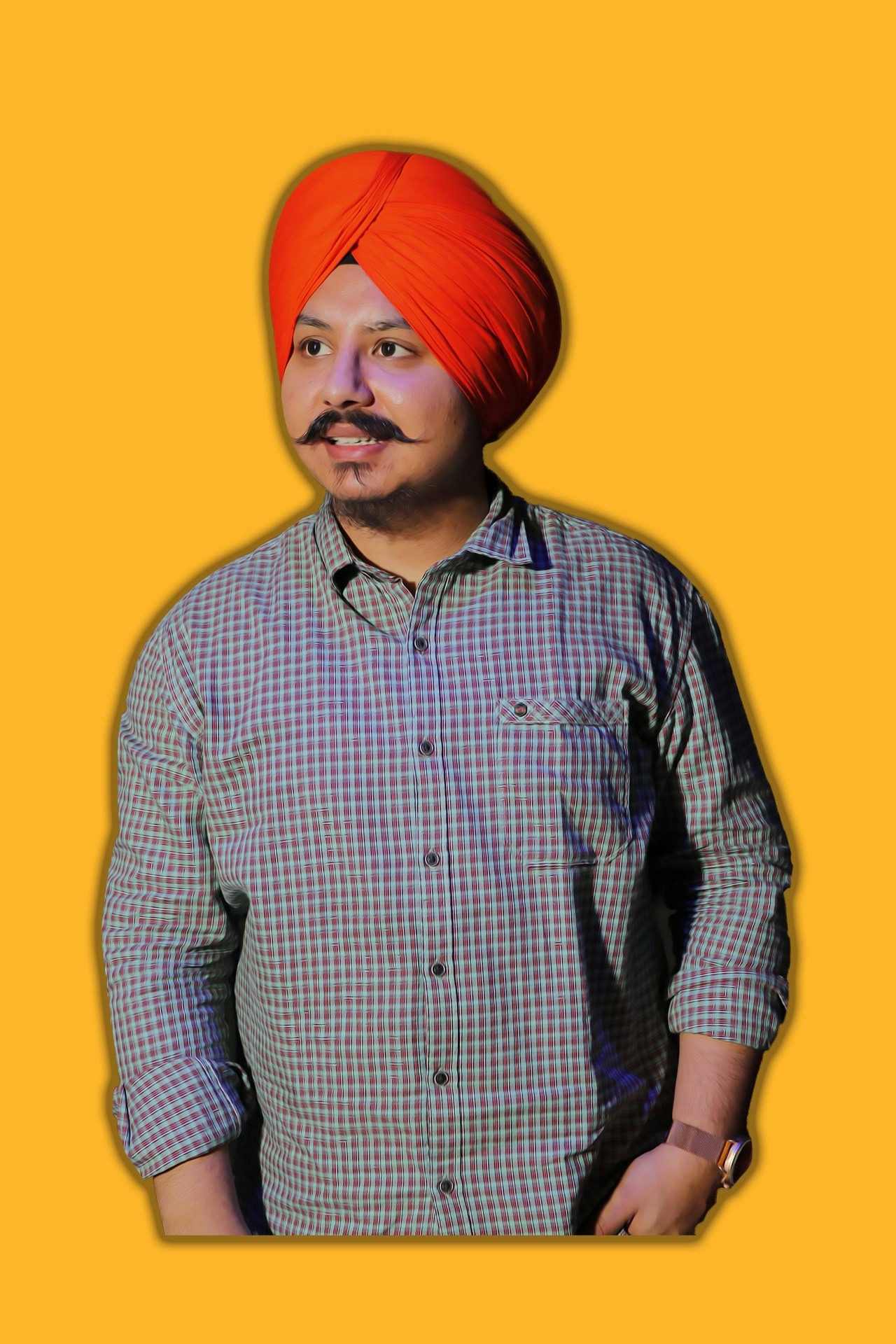 Go to Ramanpreet Singh's profile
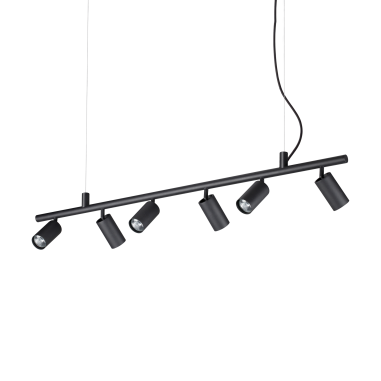 Ideal Lux DYNAMITE SP6 Pakabinamas...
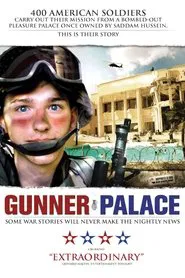Gunner Palace movie poster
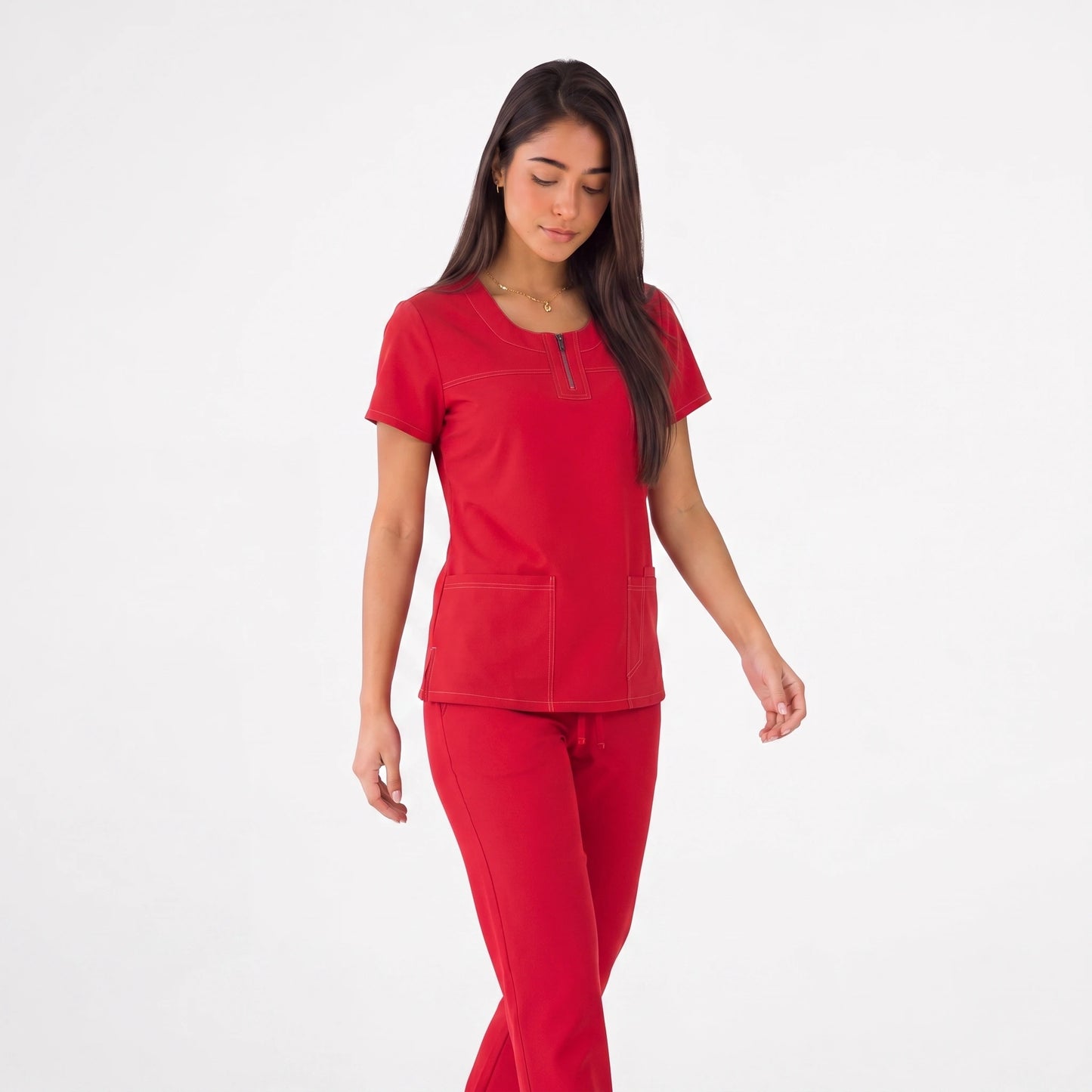 Top Chick Mujer | 2 Pockets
==*==
- **EXERCISE**
Output each line of the listing above, word for word, from the one holding "Gunner Palace movie poster" through the last line, both included; omit the pictures.

- **WRITTEN SOLUTION**
Gunner Palace movie poster
 Top Chick Mujer | 2 Pockets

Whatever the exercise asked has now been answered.